If you are going to attempt this, I strongly recommend that you enable Jumbo Frames on the device as you may be able to squeeze a 10-20 Mbps of additional write speed out of the device.

View: Netgear ReadyNAS Duo V2 and Jumbo Frames

  1. Ensure that your machine can connect to the ReadyNAS over SMB i.e. \\<ipAddress\<shareName>
  2. Create a share on the NAS for the backup. Create a dedicated one so that you minimise SMB file system update requests to the share.
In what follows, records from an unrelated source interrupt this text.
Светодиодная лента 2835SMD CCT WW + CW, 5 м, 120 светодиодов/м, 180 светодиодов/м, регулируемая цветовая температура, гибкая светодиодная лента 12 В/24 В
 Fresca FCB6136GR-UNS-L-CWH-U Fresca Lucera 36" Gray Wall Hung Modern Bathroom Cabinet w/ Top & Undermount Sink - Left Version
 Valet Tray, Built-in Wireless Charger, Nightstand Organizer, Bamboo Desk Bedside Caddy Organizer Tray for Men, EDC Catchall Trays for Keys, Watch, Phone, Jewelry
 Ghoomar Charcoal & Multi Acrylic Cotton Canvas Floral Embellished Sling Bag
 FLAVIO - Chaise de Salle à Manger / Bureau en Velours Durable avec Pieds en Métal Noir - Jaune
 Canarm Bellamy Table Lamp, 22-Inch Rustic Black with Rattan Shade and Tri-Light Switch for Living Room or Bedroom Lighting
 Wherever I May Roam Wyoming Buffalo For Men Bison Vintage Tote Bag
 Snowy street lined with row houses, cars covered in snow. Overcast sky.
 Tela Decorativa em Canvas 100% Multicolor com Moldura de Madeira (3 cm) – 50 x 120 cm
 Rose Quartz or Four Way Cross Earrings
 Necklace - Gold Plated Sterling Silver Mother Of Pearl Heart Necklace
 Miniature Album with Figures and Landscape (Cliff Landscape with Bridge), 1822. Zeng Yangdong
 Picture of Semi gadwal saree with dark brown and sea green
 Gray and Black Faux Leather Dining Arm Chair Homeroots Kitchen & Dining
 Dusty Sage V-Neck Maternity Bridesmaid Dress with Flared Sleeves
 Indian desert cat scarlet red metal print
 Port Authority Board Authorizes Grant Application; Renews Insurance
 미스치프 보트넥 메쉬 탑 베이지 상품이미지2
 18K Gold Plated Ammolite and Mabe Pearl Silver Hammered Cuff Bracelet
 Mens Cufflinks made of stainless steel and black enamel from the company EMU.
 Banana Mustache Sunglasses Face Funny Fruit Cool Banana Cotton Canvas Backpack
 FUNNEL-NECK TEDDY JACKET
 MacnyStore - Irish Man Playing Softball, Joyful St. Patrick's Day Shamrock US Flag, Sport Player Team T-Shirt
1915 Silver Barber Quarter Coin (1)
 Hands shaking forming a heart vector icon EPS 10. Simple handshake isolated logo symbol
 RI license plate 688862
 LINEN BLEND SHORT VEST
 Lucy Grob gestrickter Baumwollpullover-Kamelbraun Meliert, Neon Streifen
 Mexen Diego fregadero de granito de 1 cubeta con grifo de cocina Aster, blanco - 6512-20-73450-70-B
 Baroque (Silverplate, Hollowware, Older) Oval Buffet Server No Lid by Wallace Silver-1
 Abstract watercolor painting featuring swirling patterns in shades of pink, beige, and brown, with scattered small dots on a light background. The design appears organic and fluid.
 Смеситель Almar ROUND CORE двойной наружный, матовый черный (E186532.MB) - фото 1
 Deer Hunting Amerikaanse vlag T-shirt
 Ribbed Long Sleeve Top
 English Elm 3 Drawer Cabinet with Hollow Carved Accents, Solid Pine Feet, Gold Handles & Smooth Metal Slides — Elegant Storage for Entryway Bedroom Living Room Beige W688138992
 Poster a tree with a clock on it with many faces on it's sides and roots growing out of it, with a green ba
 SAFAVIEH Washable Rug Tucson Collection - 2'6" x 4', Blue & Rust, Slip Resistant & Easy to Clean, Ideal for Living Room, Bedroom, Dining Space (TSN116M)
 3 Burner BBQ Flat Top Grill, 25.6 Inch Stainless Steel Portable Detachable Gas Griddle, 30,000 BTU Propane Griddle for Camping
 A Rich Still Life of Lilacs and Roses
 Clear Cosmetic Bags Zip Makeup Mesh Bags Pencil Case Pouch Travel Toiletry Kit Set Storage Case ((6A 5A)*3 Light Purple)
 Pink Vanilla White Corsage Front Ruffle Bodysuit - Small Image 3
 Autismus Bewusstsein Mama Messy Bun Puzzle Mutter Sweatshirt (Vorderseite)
As will be mentioned below, this causes between a 10-20Mbps loss of performance even if nothing is actually happening in Windows Explorer.
  3. Disable as many services as you can on the NAS. The less work the CPU is doing and the more free RAM, the better this will be.
  4. Open PowerShell on Windows 8, 8.1, 10, 2012, 2012 R2 or 2016 and enter:
    New-VHD –Path “\\<ipAddress\<shareName>\Backup.vhdx” –SizeBytes 4096GB

    Substitute the 4096GB (4TB) with the size that you require. This will create a dynamically expanding Hyper-V Virtual Hard Drive on the ReadyNAS

  5. In PowerShell issue the following command to mount the VHDX file
    Mount-VHD -Path "\\<ipAddress\<shareName>\Backup.vhdx"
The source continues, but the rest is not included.